Die CSU-Landesgruppe lehnt generelle Fahrverbote ab. Wir wollen nicht, dass das städtische Leben lahmgelegt wird, etwa, wenn Geschäfte nicht beliefert werden, Baufirmen und Handwerker nicht zu Kunden kommen oder Berufspendler nicht zu ihrem Arbeitsplatz. Dieselfahrern drohen zudem starke Wertverluste ihrer Autos. Es kann nicht sein, dass die Fahrzeugbesitzer die Leidtragenden sind. Fest steht aber auch: Die Menschen haben ein Recht auf saubere Luft. Deshalb ist es wichtig – und das hat das Gericht auch bestätigt –, dass Kommunen bereits heute schon Möglichkeiten haben, verkehrslenkende Maßnahmen zu ergreifen. Dazu gehört etwa, dass Fahrzeuge, die hauptsächlich in den Städten unterwegs sind, wie ÖPNV-Busse, Taxen oder kommunale Fahrzeugflotten, emissionsarm gemacht werden müssen. Einer Regelung des Bundes bedarf es dafür nicht.
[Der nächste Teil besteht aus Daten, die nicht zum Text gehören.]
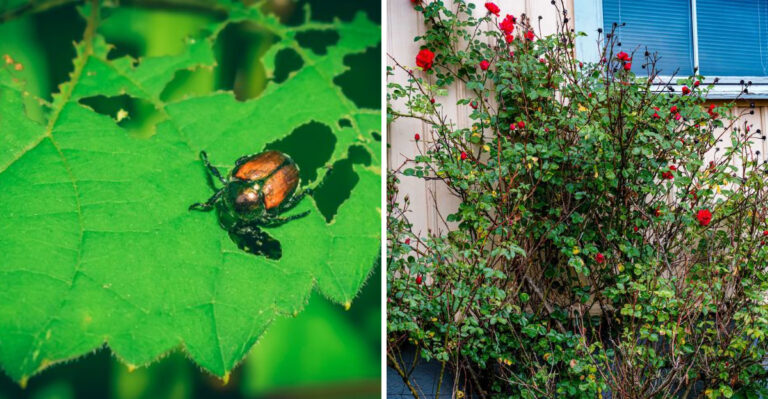 What Virginia Gardeners Should Prune After Japanese Beetle Damage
In den Luftreinhalteplänen müssen zusätzliche Maßnahmen ergriffen werden, um die Grenzwerte in den Städten einzuhalten. Die Einführung einer „Blauen Plakette“, die nichts anderes als ein generelles Fahrverbot bedeuten würde, wäre unzweckmäßig. Mobilität ist ein hohes Gut. Für eine Reihe von Berufsgruppen ist sie von existenzieller Bedeutung. Wir wollen keine kalte Enteignung von Millionen von Dieselbesitzern.

 

Sofortprogramm „Saubere Luft 2017-2020“ und weitere Maßnahmen

Mit dem Sofortprogramm hat die Bundesregierung bereits ein milliardenschweres Maßnahmenbündel aufgelegt, um die europäischen Grenzwerte einhalten zu können – und das ohne Fahrverbote. Dazu gehören insbesondere die Elektrifizierung des Verkehrs, die technische Nachrüstung von Bussen und die Digitalisierung kommunaler Verkehrssysteme. Seit letztem Jahr läuft zudem die Nachrüstaktion von PKW durch die Automobilindustrie. Bisher wurden 2,5 Mio. Fahrzeuge umgerüstet. Der Koalitionsvertrag sieht zahlreiche weitere Maßnahmen vor, u.a. Umstieg auf nachhaltige Mobilitätskonzepte, Umstellung der Fahrzeugparks von Behörden, Taxiunternehmen und Handwerksbetrieben sowie ÖPNV auf emissionsarme bzw. -freie Technologien, Stärkung der Elektromobilität und Ausbau des Schienenverkehrs. Sobald die schriftliche Urteilsbegründung vorliegt, wird die CSU-Landesgruppe das Urteil detailliert prüfen. Über die Ergebnisse werden wir dann mit allen Beteiligten sprechen – mit den Städten, aber auch der Automobilindustrie. Unser Ziel muss ein: Mehr Mobilität bei weniger Emissionen.